Simpler solutions for complex image classification problems
CVB Polimago can be used in many similar applications to neural networks and is part of the Common Vision Blox machine vision toolkit from STEMMER IMAGING. It uses ridge regression, a supervised learning method for search and classification in machine vision applications. Supervised learning, in this context, means that there is some prior knowledge in the training images where the user has marked typical examples of the features for classification with a region of interest. This allows the CVB Polimago algorithm to generate a function to produce the desired output.
Crucially CVB Polimago requires typically just 20 - 100 training images whereas CNNs could require 500 training images per class as well as 500 good ones. As an example, for an OCR application with alphanumerics A-Z and 0-9, a CNN could require 36 x 500 = 18000 training images.
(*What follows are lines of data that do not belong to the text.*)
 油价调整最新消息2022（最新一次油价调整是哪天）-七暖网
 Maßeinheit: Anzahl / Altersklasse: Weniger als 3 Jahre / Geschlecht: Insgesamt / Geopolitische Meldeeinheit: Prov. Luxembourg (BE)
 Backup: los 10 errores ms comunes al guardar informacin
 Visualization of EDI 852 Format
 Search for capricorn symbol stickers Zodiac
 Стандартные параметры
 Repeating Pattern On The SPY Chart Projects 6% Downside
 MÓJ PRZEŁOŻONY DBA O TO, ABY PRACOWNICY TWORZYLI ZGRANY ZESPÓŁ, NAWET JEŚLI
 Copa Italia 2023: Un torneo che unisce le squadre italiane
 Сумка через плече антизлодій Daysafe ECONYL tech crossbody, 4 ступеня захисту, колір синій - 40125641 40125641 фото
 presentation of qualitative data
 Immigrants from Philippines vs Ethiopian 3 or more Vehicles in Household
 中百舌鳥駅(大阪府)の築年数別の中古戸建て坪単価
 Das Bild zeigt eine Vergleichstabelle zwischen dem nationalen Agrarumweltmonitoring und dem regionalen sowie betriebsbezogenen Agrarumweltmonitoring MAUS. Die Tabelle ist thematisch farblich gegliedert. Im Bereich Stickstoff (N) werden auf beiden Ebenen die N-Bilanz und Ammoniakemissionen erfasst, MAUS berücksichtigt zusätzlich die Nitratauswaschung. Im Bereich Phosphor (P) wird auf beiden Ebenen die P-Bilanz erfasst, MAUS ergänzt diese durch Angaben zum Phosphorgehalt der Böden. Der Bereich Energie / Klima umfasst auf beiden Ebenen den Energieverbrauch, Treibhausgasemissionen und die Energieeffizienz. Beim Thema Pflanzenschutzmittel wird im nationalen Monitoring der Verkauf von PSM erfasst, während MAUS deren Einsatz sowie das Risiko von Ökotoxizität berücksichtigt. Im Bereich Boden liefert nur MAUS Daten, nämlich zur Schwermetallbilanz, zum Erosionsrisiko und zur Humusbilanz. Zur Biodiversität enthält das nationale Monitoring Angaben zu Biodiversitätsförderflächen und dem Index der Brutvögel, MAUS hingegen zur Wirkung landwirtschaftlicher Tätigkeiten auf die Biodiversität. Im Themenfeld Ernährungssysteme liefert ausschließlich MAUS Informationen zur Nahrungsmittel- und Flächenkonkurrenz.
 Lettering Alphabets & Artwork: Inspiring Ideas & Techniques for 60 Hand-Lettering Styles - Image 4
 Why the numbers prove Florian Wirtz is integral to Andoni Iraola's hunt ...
There are a number of significant benefits that arise from having smaller training sets. In particular, training times for Polimago will be much shorter than for CNNs. Polimago has been trained in times of typically 5-20 minutes compared to hours for a CNN. It can also take a long time simply to label the required features in the larger training sets needed for CNNs. If an iterative training process is required to evaluate different parameters then CNNs become even more unwieldy.
CVB Polimago is designed to be run on a CPU and achieves comparable speeds to a CNN using GPU acceleration. Since Polimago does not require a GPU it can be used on a compact PC rather than a 19“ rack mounted PC. Typical execution times for Polimago search are of the order of tens of milliseconds, which are comparable to GPU-accelerated neural network speeds, but CVB classification-only tasks run at much faster speeds – often sub-millisecond.
CVB Polimago is available at significantly lower cost than many commercial CNN tools, and has the added benefit that in CVB 2019 (due for release Q3 2019) it will also be available for Linux (on Intel and ARM platforms) for the first time. This means that it can also be used in embedded vision applications.
Recent applications for CVB Polimago have included OCR, detection of incomplete biscuits, whether coated nuts are coated completely and classifying bolts that are similar in size and shape. In each of these applications, training sets of between 20 and 50 training images per class were required with classification execution times of around 7 ms. For an application involving the identification of chicken wings, thighs, drumsticks and breasts, 14 training images were used in each set with a classification time of 1 ms.